Given information:

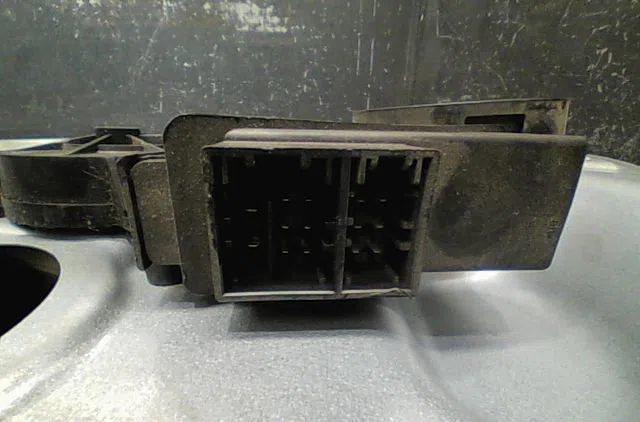 Mecanisme  moteur lève-glace avant droit Volkswagen POLO (9N_, 9A_) 1.4 tdi (2001-2005) 5 portes occasion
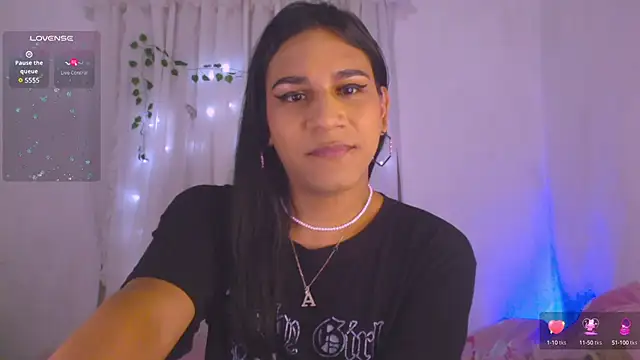 Snapshot of AndreaaFoxx chatting on December 14, 2024, 8:08 pm AndreaaFoxx online show from December 14, 2024, 8:08 pm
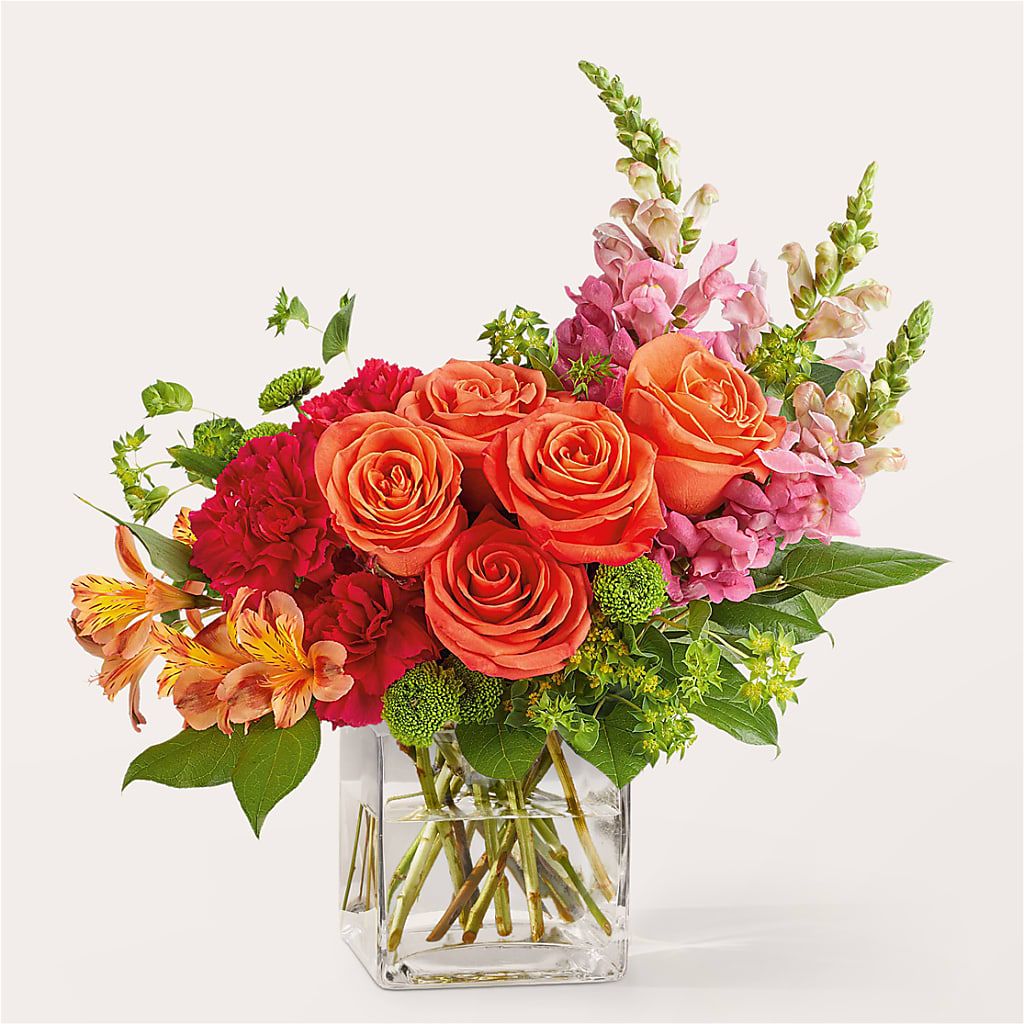 Cosmopolitan Bouquet – United Family Flower And Gifts, Brooklyn NY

What the task requires: A word-for-word copy of the data above is needed, one that omits the pictures.

Final answer:
 Mecanisme  moteur lève-glace avant droit Volkswagen POLO (9N_, 9A_) 1.4 tdi (2001-2005) 5 portes occasion
 Snapshot of AndreaaFoxx chatting on December 14, 2024, 8:08 pm AndreaaFoxx online show from December 14, 2024, 8:08 pm
 Cosmopolitan Bouquet – United Family Flower And Gifts, Brooklyn NY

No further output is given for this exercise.